As an industry that relies on imports to provide American families the products they need at prices they can afford, retailers are closely following the positions on international trade taken by this year’s presidential candidates.

Unfortunately, while recent comments by Donald Trump and Hillary Clinton might make great politics, they also make for terrible economics. Neither seems to appreciate the value of trade, particularly the millions of jobs and billions of dollars in economic benefits brought by imports.

Trump wants to tear up the North American Free Trade Agreement, which lets U.S. factories easily obtain parts from Canada and Mexico and just as easily ship finished products back. He opposes the Trans-Pacific Partnership, which would tear down trade barriers from Peru to Australia, and wants to impose “huge” tariffs on imports from China.

Clinton’s trade policy is more complicated but no more encouraging. As secretary of state she called TPP the “gold standard” but now opposes it. She has defended NAFTA but now says “it did not deliver.” As a senator, she voted for trade agreements with Singapore, Chile and Oman but not Central America.

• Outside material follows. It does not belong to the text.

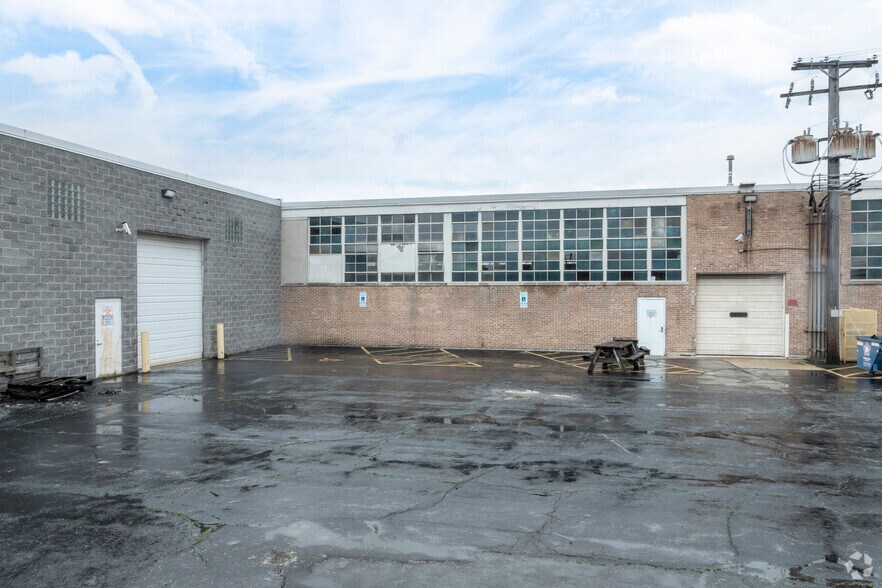 More Photos Of 5501 W Ogden Ave, Cicero Manufacturing For Lease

According to NRF research, imports support 16 million U.S. jobs, including 6.9 million in retail and restaurants. That’s not just retail workers selling imported merchandise but fields such as research and development, distribution and merchandising. It includes members of the unions that oppose imports, from dockworkers who unload imports to factory workers who assemble products made from imported parts.

The Trans-Pacific Partnership Agreement Holds Potential for Retailers and American Families.

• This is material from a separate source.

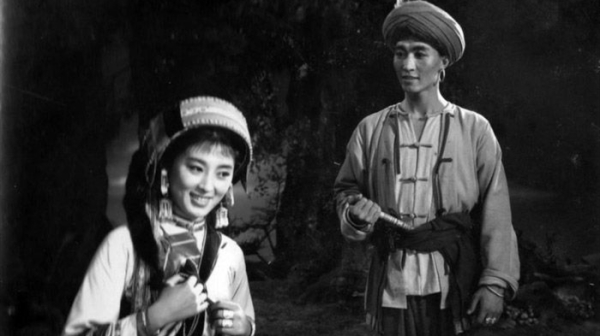 在《阿诗玛》剧组拍完最后一个镜头时，杨丽坤就陷入一连串的批斗中。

Imports have saved consumers millions of dollars on products from toys to computers, but high tariffs continue to drive up prices of merchandise such as shoes and apparel.

When Trump and Clinton oppose TPP, they support continued high tariffs and high prices. TPP would eliminate virtually all of the $6 billion in annual tariffs on goods from member countries and boost U.S. spending power more than $1,000 per household. When the United States reduces tariffs, its partners in trade agreements do the same, expanding markets for U.S. exports. None of that will happen, however, if the two candidates have their way.

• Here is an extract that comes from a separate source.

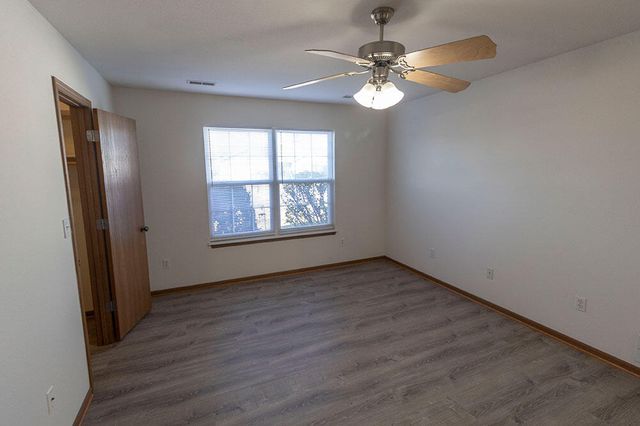 1602 TYPHOON DR, Columbia, MO 65202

Americans enjoy a higher standard of living because globalization makes products more affordable. And the decline in manufacturing jobs cannot be blamed entirely on imports — it takes far fewer workers to operate a modern, high-tech factory. The answer to lost factory jobs is training and new skills, not limits on trade.

Fortunately for retailers and consumers, presidential candidates often bash trade while campaigning, then take a more realistic approach once elected. But that’s not enough. America needs a president who acknowledges the importance of not just exports but imports. As an international businessman, surely Trump knows the importance of imports. As a former first lady, senator and secretary of state, so must Clinton.

It’s time for presidential candidates — and presidents — to stop pandering to protectionists and acknowledge the positive power of trade in the modern U.S. economy.